I'm no longer a story. Happiness has made me fade into real life.

"The Stones of Summer" Dow Mossman
This has an interesting back story as the author wrote this in the mid 70's and disappeared from public life. I picked up a copy after hearing about it on NPR a while back. Another of those thick tomes that I almost threw out the window a couple of times but glad I stuck to it. Being a midwesterner myself may have helped, and I knew a few peers growing up who may have possessed the anger and resignation that drowns the Iowa native Dawes Oldham Williams (D.O.W.). Autobiographical? Maybe it's why Dow disappeared. In some ways it's as if Mossman was a seer as he jokingly refers to the outrageous notion of the actor Ronald Reagan becoming President. This was in 1972.

And he laughed, remembering it, sitting on the hill and saying the name, but he could see that words were only vessels for defining place, not time, because time had no vessels for defining itself, even in shadows, the way water forms itself in a jar. Words.
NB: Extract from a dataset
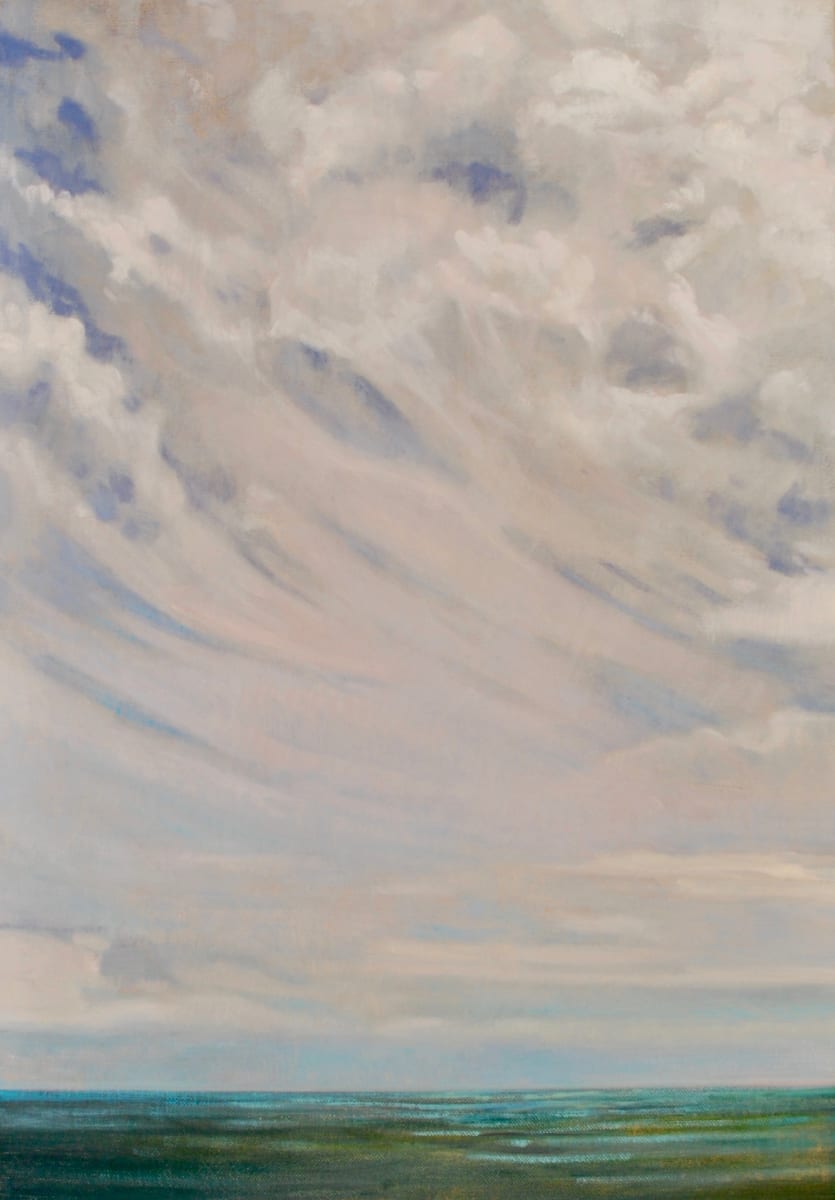 Clouds at Sea by Phoebe Twichell Peterson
"Ya," he said, "but the ones he found by the frozen sled when no one else would go out and look? The half-dead ones and the baby he found lying under the only half-warm, pure-dee dead horses!?! How about the orphanage and school he built? Wasn't that part of it?"
"Yes," she said, "provided you need orphanages or schools in places you live, provided you live in a place that doesn't take in people and teach them, I guess some good along the way was a necessary accident, too"

It is an old dream. In the end a clown comes on stage. He is dressed like Charles J. Chaplin, and in black distances at the end of a candle he mimes his own face; he takes it off and examines it at length; he is distended, ballooning, and his motions fill in the light. He talks of social democracy. His eyes fold themselves, roll, are vaguely lost in the yellow sockets, and he is crying now. Slowly he begins miming himself mime himself. He becomes lost in fits of forgetfulness.

"Well," Travelin' Tommy said, "he thought about the fact that if you're a natural genius, with no place to go, and if you're floatin' down the river at night, just hearin' the dogs on the western shore howlin' at the fire in your pit, you either learn humor and humanity or you go mad in the end."

…The Catholics were holding another moonlight wake, behind him, across a yard of black and blowing trees. The air was dense, dreaming, heavy like ancestors...

...He moved on toward the bridge, rustling the sand and the long night-blooming edges of grass, learning only the small lesson that you carry yourself along, wherever you go; trying to unlearn the Americas myth that by changing place, you are also changing identity...

"Listen," Dawes Williams said, "screw on your ole bonnet of an attention span, Dorothy, and try concentrating on this very hard for awhile. Ready? Any," he began, "social science, a contradiction in sanity to begin with, constructed like soft religion upon absolute relative knowledge drawn from structured learning, reason, and assimilated research is mostly dangerous bunk that operates on the level of self-confirming prattle. It is not only an illusion in progress, a highly pseudo exercise, it is actually recessive in nature. An outgrowth of pragmatism really, it remains true to itself – the merest rote function – the great and inferior butterfly ghost of this century–and it, therefore, ranks unintuitive, unimaginative, unstoned and non-a priori disciplined social scientists – the great and misled butterfly nets of this century – a great deal lower on the chain of being than Celtic Druids drunk on the witch's eye of the moon. In fact," Dawes Williams said, "when one is drunk enough, one is more than tempted to say that all backward-moving evil in this century which cannot be directly traced to that false, unquestioned god mask Technology can be indirectly, irrevocably and finally traced to the nub-headed priests of that electric god mask, to social scientists – i.e., the New 'Methodists' – the leading ninnies...and ninn-y-poops."